Here we will typically omit the standard state symbol, but all free energies here are at standard state concentrations (one molar reactant and product).

When repeat i folds and one of its nearest-neighbors is folded (for example, repeat i-1), an interface can be formed (reaction iii., Figure 3). The equilibrium constant for this coupled folding and interface formation is κ_iτ_i-1,i, where κ_i is as defined above. Expressed in this way, τ_i-1,i is an equilibrium constant for forming an interface between folded repeats i-1 and i.

Alternatively, it is possible that repeat i can fold next to a folded repeat but not form an interface (reaction iv. above); this is likely when the interface is weakly stabilizing or destabilizing, as is the case for FARPs. In such cases, the equilibrium constant for folding is κ_i, the same as for folding with unfolded neighbors. In addition to providing a means to analyze FARP unfolding, reaction iv. provides a clear definition of the equilibrium constant for interface formation, τ_i-1,i (vertical transitions, Figure 3). Because interfaces have contributions from two repeats, representing the type of interface requires two repeat types be specified. For example, for repeat types R and X, four types of interfaces can be formed: homopolymeric interfaces between R repeats and between X repeats (with equilibrium constants τ_RR and τ_XX), and heteropolymeric interfaces between R and X repeats (with equilibrium constants τ_RX and τ_XR, depending on the order of the repeats). When relevant, the type of interfacial free energy will be specified using labels such as ΔG_R−1,X, which indicates an interface between an X repeat at position i and an R repeat at position i-1 (Figure 3B).

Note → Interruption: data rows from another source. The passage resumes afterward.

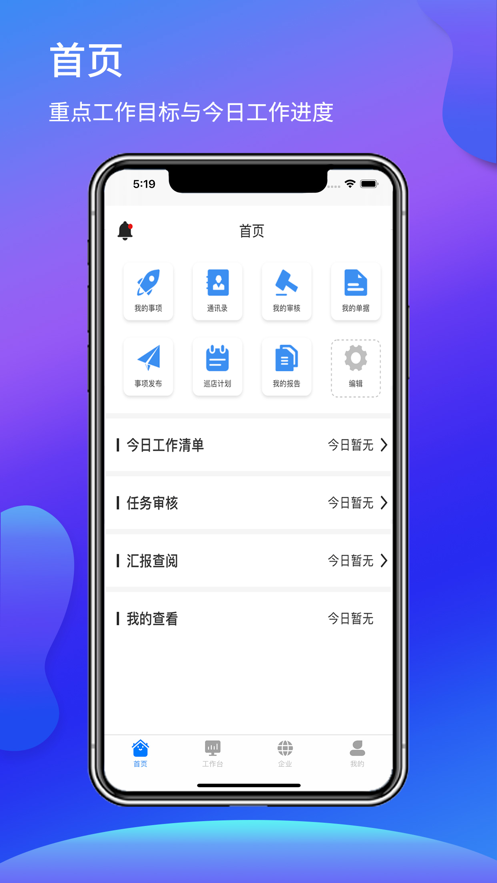 福奈特app最新版下载_福奈特手机版下载v1.1.4 安卓版 运行截图2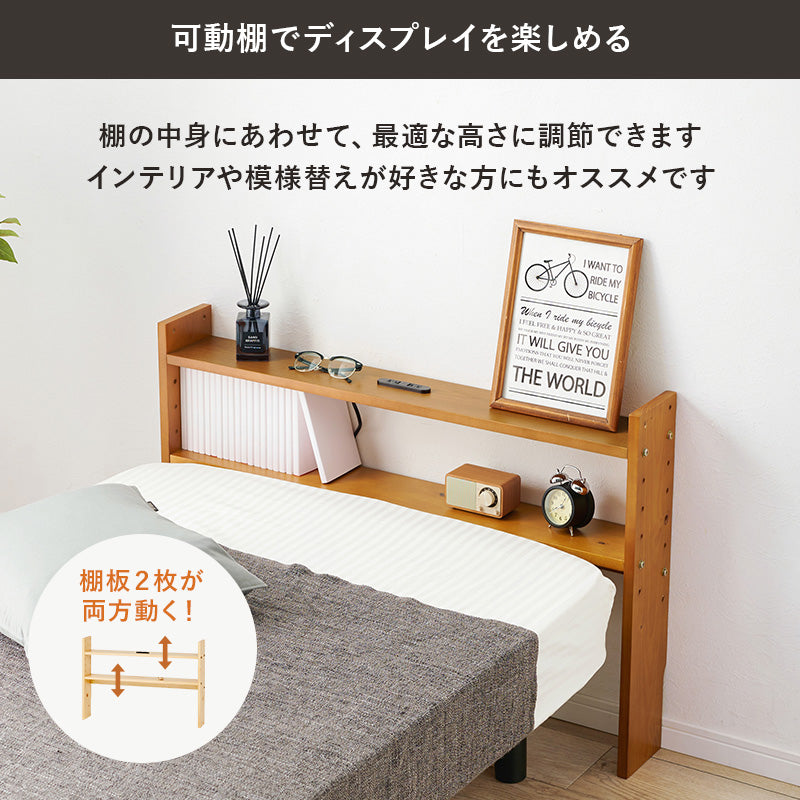 ヘッドボード 幅98cm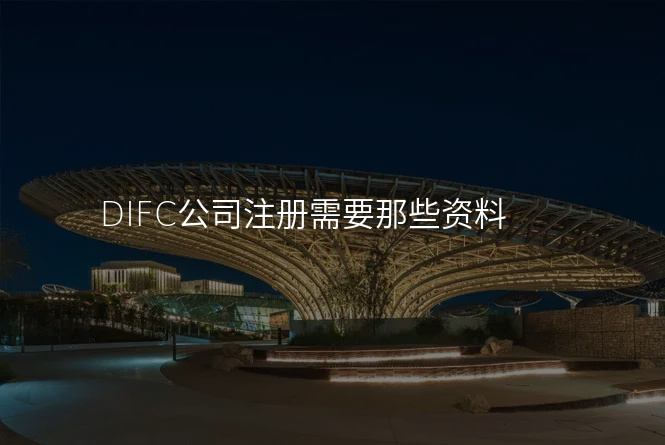 DIFC公司注册需要那些资料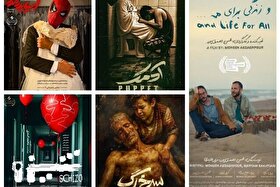 همه چیز درباره فیلم‌های کوتاه جشنواره فیلم فجر ۱۴۰۴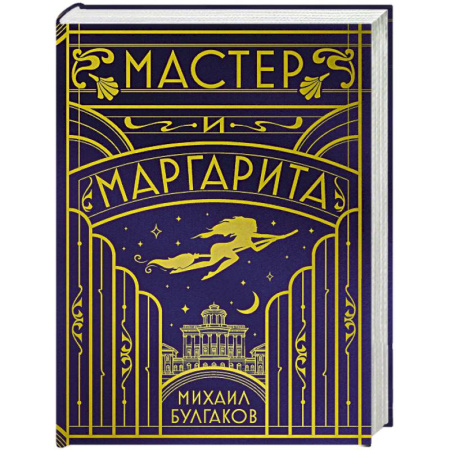 Русская классика, книга Мастер и Маргарита (шелковая коллекция) купить по низкой цене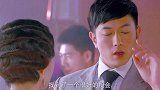 佟毓婉来接杜允唐，杜允唐却撒酒疯似的，在那对佟毓婉发脾气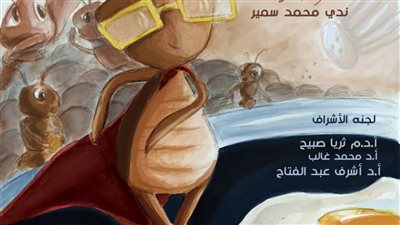 مهرجان الإسكندرية للفيلم القصير يكشف عن قائمة أفلام عروض سينما الأطفال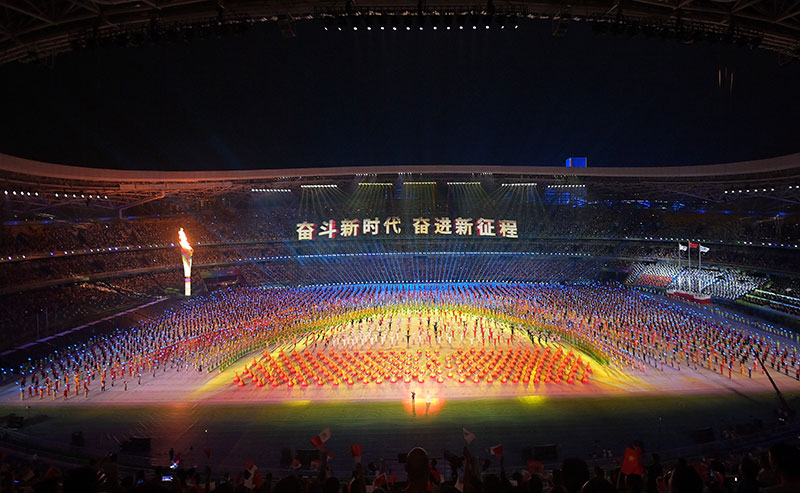 第十四届全运会开幕式在西安举行14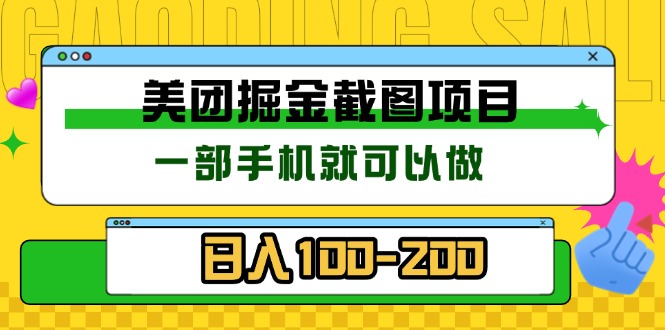 （13543期）美团酒店截图标注员 有手机就可以做佣金秒结 没有限制_大叔资源库创业项目网-大叔资源库-资源-项目-副业-兼职-创业-大叔的库-大叔的库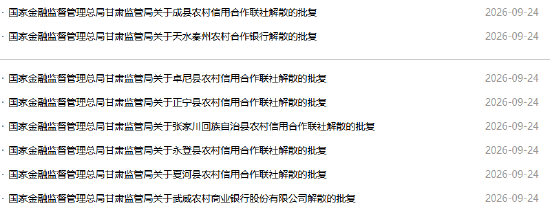 甘肃金融监管局连发24条批复！多家农信机构获批解散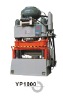 YP1000 Pressing machine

These equilibrium constants and free energies can be used to construct a partition function for a given repeat array. Here, the partition function is a sum of statistical weights for the fully folded state, each of the different partly folded states, and the unfolded state (which we use as a reference and assign a statistical weight of one). For each state, the statistical weight is simply the product of all the equilibrium constants that are needed to get from the reference state to that state (Figure 3, right-most column). The number of intrinsic κ constants in the product is equal to the number j of folded repeats (i.e., κ^j). However, the number of interfacial τ constants depends on the model and on the arrangement of the folded repeats.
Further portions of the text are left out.